** Opening Data provided block **

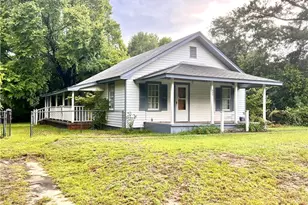 309 N Farmers Rd, Fayetteville, NC 28311 - Photo 2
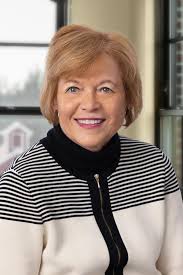 Sheila Buchanan's Instagram, Twitter & Facebook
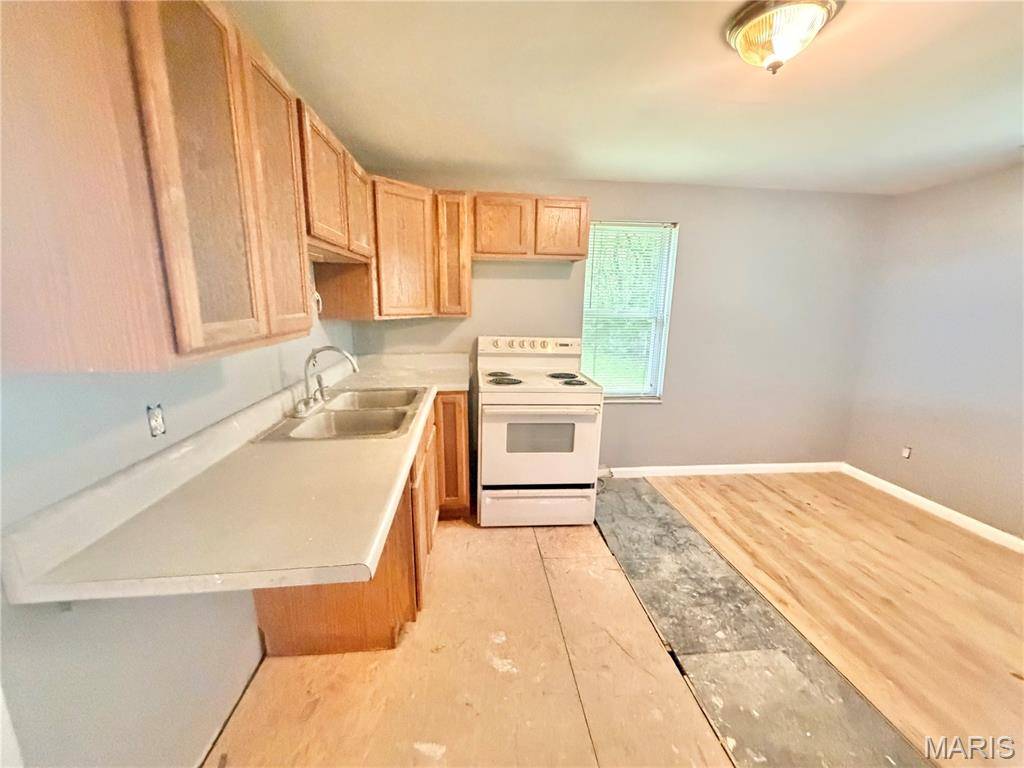 1408 W Congress ST, Pacific, MO 63069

** Closing Data provided block **

--- Problem to work on ---
Here the requirement is to restate exactly the line holding "Sheila Buchanan's Instagram, Twitter" and every later line through the end of the material, omitting pictures.

--- Solution for this exercise ---
 Sheila Buchanan's Instagram, Twitter & Facebook
 1408 W Congress ST, Pacific, MO 63069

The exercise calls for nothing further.